Во второй части я сознательно не ставил перед собою темы переделки человека. Переделка одного, отдельного человека, обособленного индивида, мне представляется темой второстепенной, так как нам нужно массовое новое воспитание. Во второй части я задался целью изобразить главный инструмент воспитания, коллектив, и показать диалектичность его развития…
В третьей части я этот коллектив хочу показать в действии: в массовой переделке уже не отдельных личностей, а в массе – триста куряжан… В третьей же части я хочу изобразить и сопротивление отдельных лиц в НКП. Во второй части я хотел показать только первые предчувствия, первые дыхания борьбы. Нападение НКП на мою работу было вызвано именно обстоятельствами активной деятельности коллектива горьковцев в Куряже.
В третьей же части я хочу показать, как здоровый коллектив легко размножается «почкованием» (дзержинцы). Это моя схема…».[39]
26 января 1935 г. Макаренко сообщает Горькому: «… Начал третью часть “Педагогической поэмы”, которую надеюсь представить к альманаху седьмому. Очень хочу, чтобы третья часть вышла самой лучшей…».[40]
К концу сентября 1935 г. А. С. Макаренко закончил работу над третьей частью «Поэмы». Последними письмами Макаренко и Горький обменялись в сентябре – октябре 1935 года.
28 сентября Антон Семенович информирует Алексея Максимовича, что авиапочтой выслал третью часть «Поэмы»:
«Не знаю, конечно, какой она получилась, но писал ее с большим волнением.
Как Вы пожелали в Вашем письме по поводу второй части, я усилил все темы педагогического расхождения с Наркомпросом, это прибавило к основной теме много перцу, но главный оптимистический тон я сохранил.
Описать Ваше пребывание в Куряже я не решился, это значило бы описывать Вас, для этого у меня не хватало совершенно необходимого для этого дела профессионального нахальства. Как и мои колонисты, я люблю Вас слишком застенчиво.
Третью часть пришлось писать в тяжелых условиях, меня перевели в Киев помощником начальника Отдела трудовых колоний НКВД…
Работа у меня сейчас бюрократическая, для меня непривычная и неприятная, по хлопцам скучаю страшно. Меня вырвали из коммуны в июне, даже не попрощался с ребятами.

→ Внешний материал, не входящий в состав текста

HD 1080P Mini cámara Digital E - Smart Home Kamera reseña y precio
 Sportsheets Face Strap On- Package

Дорогой Алексей Максимович! Большая и непривычная для меня работа «Педагогическая поэма» окончена. Не нахожу слов и не соберу чувств, чтобы благодарить Вас, потому что вся эта книга исключительно дело Вашего внимания и любви к людям. Без Вашего нажима и прямо невиданной энергии помощи я никогда этой книжки не написал бы…
У меня сейчас странное ощущение. Работа окончена, но остались уже кое-какие навыки письма, кое-какая техника, привычка, к этой совершенно особенной, волнующей работе.

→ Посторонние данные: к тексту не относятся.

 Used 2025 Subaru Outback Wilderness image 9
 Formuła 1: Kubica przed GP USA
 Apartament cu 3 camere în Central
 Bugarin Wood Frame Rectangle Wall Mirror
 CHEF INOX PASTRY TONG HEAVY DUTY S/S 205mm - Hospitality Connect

А в то же время я вдруг опустошился, как будто всю свою жизнь до конца выложил, нечего больше сказать.
Я очень хочу надеяться, что Вы не бросите меня в этой неожиданной пустоте…».[41]

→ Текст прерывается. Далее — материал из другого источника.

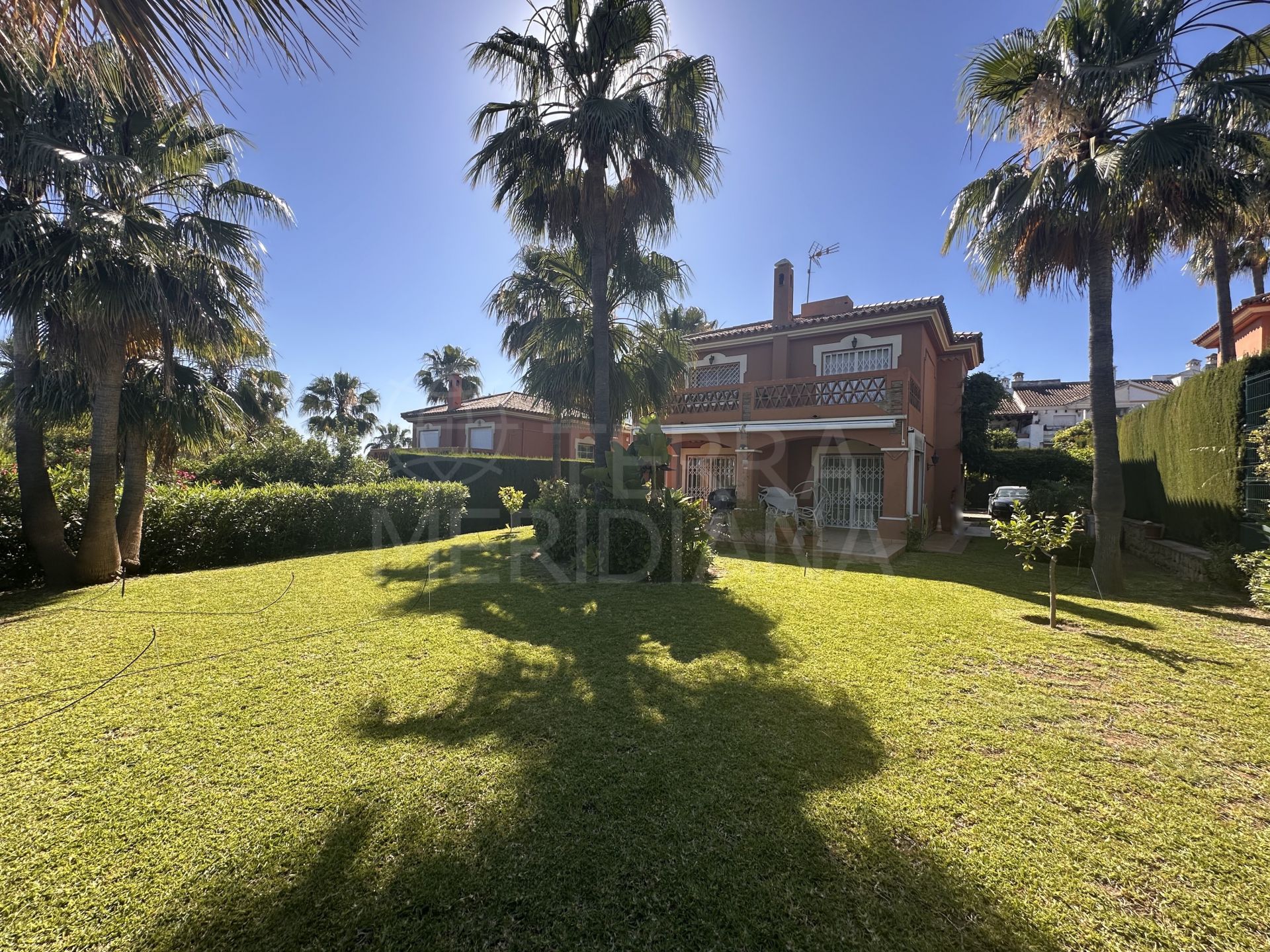 Chalet in Monte Biarritz, Estepona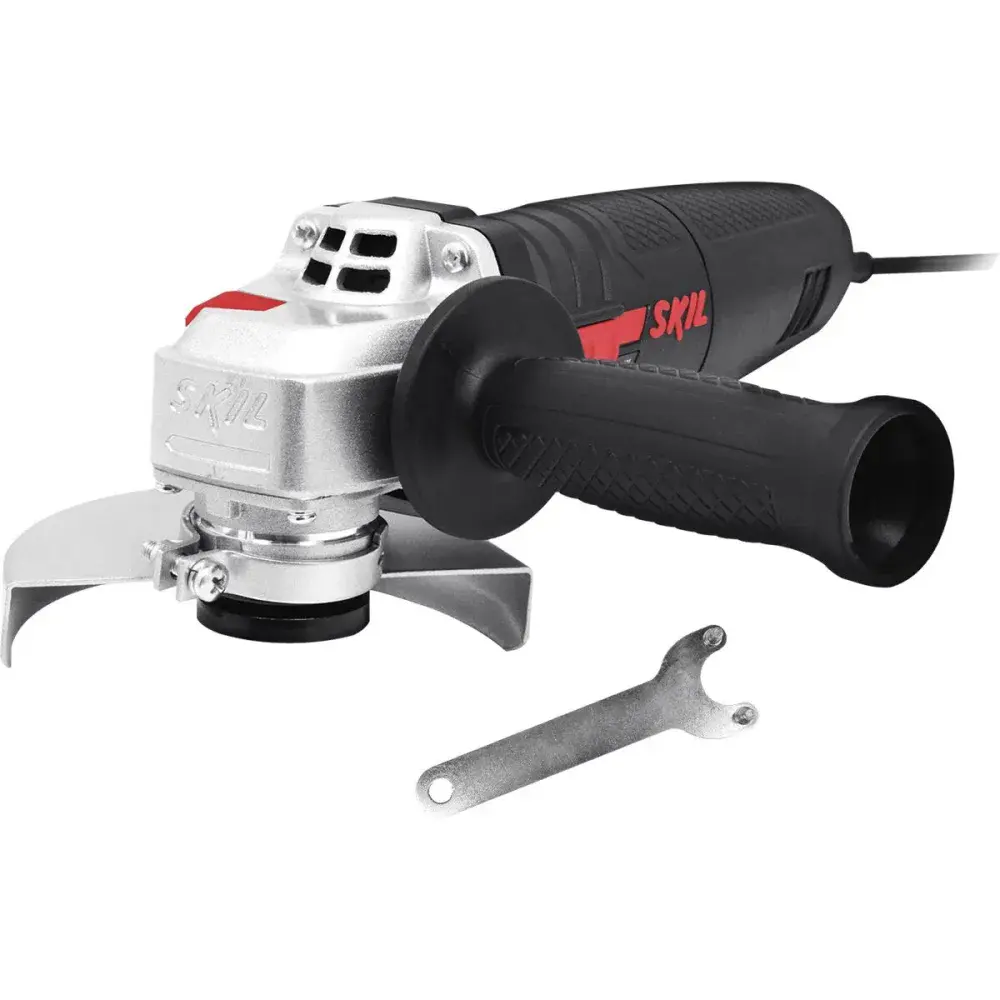 Esmerilhadeira angular 9002 4.1/2 11000RPM 700W 127V Skil — fotografia 6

Ответ А. М. Горького был замечательным:
«Дорогой Антон Семенович – третья часть “Поэмы” кажется мне еще более ценной, чем первые две.
С большим волнением читал сцену встречи горьковцев с куряжцами, да и вообще очень многое дьявольски волновало. «Соцвосовцев» Вы изобразили так, как и следует, главы: “У подошвы Олимпа” и “Помогите мальчику” – нельзя исключить.
Хорошую вы себе “душу” нажили, отлично, умело она любит и ненавидит…
Если Вас тяготит “бюрократическая” работа и Вы хотели бы освободиться от нее – давайте хлопотать. Я могу написать т. Б. или П. П. Постышеву, могу просить Ягоду, чтоб Вас возвратили к ребятам. Ну – что же? Поздравляю Вас с хорошей книгой, горячо поздравляю…»[42]
Это последнее письмо Горького к Макаренко было написано в Тессели, где в то время он жил и лечился. Письмо без даты, но условно можно указать 8 октября 1935 года.
25 октября Алексей Максимович написал благодарное письмо редактору «Поэмы» Елене Марковне Коростелевой: «Уважаемая Елена Марковна – разрешите сердечно благодарить вас за работу по чтению и правке рукописи Макаренко. Меня так утомляет чтение рукописи, что я все хуже вижу ошибки авторов. Я очень рад, что Вы так удачно почистили высокоценную работу Макаренко, и усердно прошу Вас исправить нелепости текста, отмеченные Вами. Сам я, не имея рукописи пред глазами, мог только выбросить подчеркнутое Вашей рукою, а это едва ли правильно. Будьте здоровы и еще раз – спасибо. М. Горький».[43]